- Work to complete: Could the listing below be reproduced exactly, minus its pictures?

- Information provided:
# # # # # # #
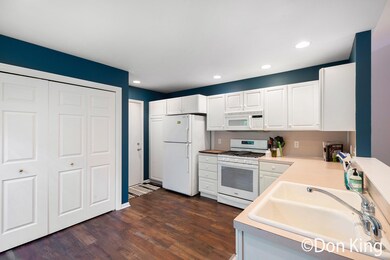 2224MeadowglenNE-1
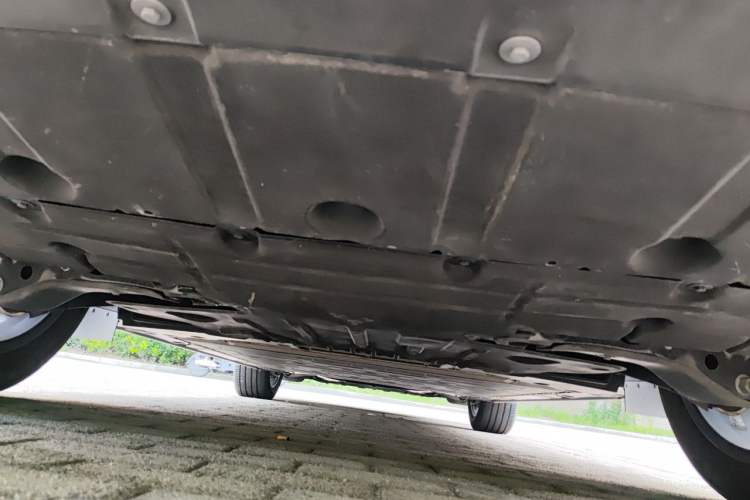 Used ONVO Luxeed L90 2025 Model—Pro Seven-Seater Version Chassis Rear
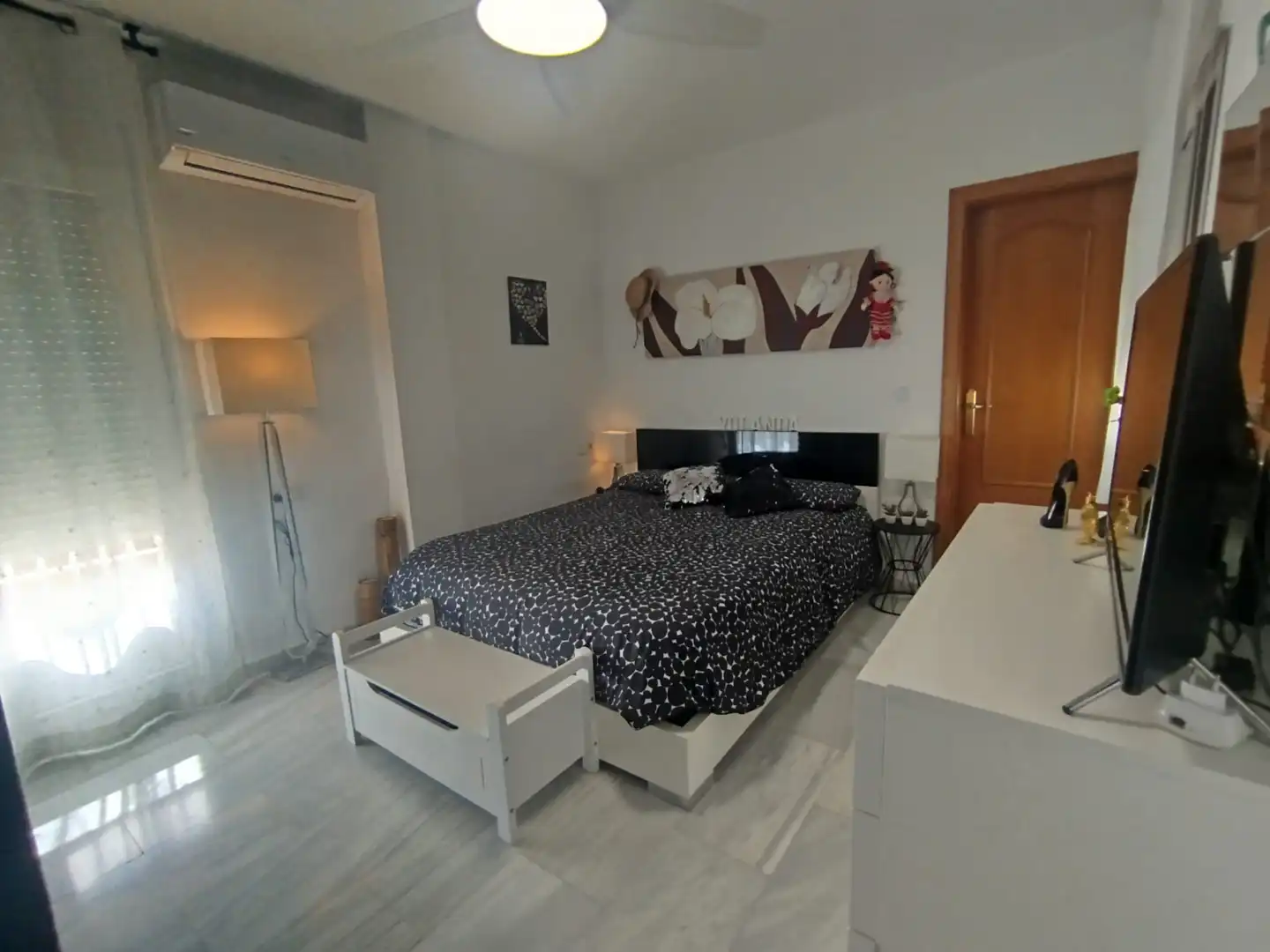 Schlafzimmer von Dachboden zum Verkauf in Albolote mit Terrasse, Abstellraum und Möbliert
# # # # # # #
- The completed task:
 2224MeadowglenNE-1
 Used ONVO Luxeed L90 2025 Model—Pro Seven-Seater Version Chassis Rear
 Schlafzimmer von Dachboden zum Verkauf in Albolote mit Terrasse, Abstellraum und Möbliert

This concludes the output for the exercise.